▶ _Assignment_:
Go through the listing below, and from the line containing "MO license plate TL9S5D" through its last line, transcribe every line exactly, skipping pictures.
### Data below
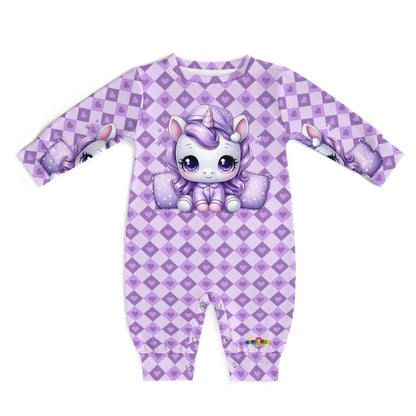 Cute Pastel Purple Sleepy Time Unicorn Heart Pattern and Graphic Baby Romper-My Bright Side Clothing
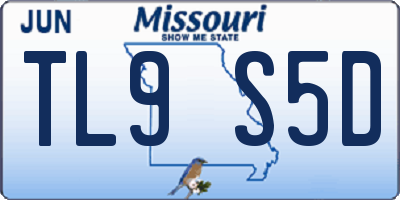 MO license plate TL9S5D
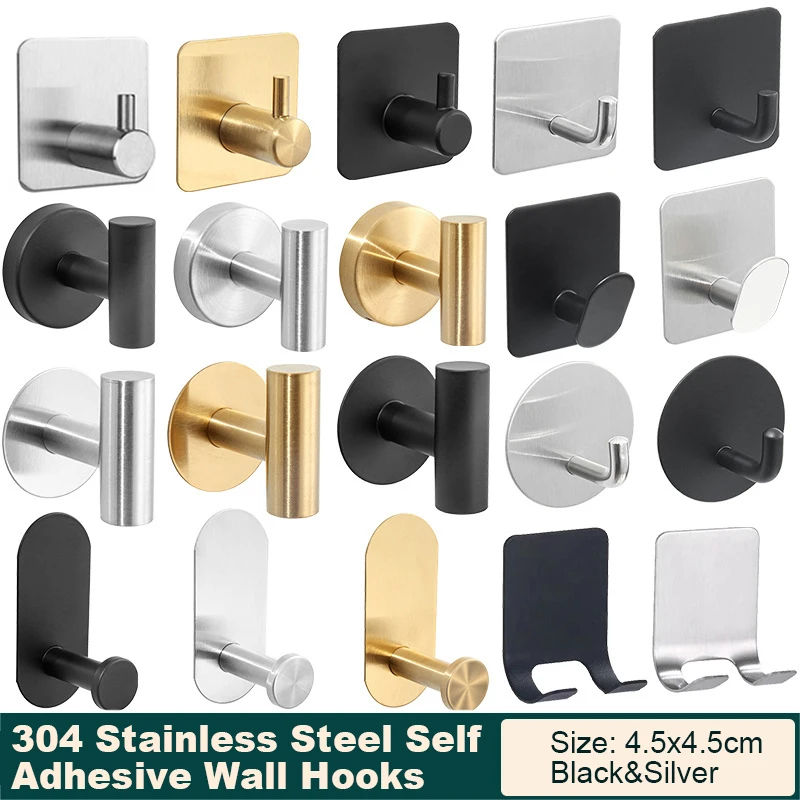 Stainless Steel Hook Towel Hooks Self Adhesive Wall Coat Racks Rustproof Hook Hangers Kitchen Bathroom Accessories
Stainless Steel Hook Towel Hooks Self Adhesive Wall Coat Racks Rustproof Hook Hangers Kitchen Bathroom Accessories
######
▶ _Written reply_:
 MO license plate TL9S5D
 Stainless Steel Hook Towel Hooks Self Adhesive Wall Coat Racks Rustproof Hook Hangers Kitchen Bathroom Accessories
Stainless Steel Hook Towel Hooks Self Adhesive Wall Coat Racks Rustproof Hook Hangers Kitchen Bathroom Accessories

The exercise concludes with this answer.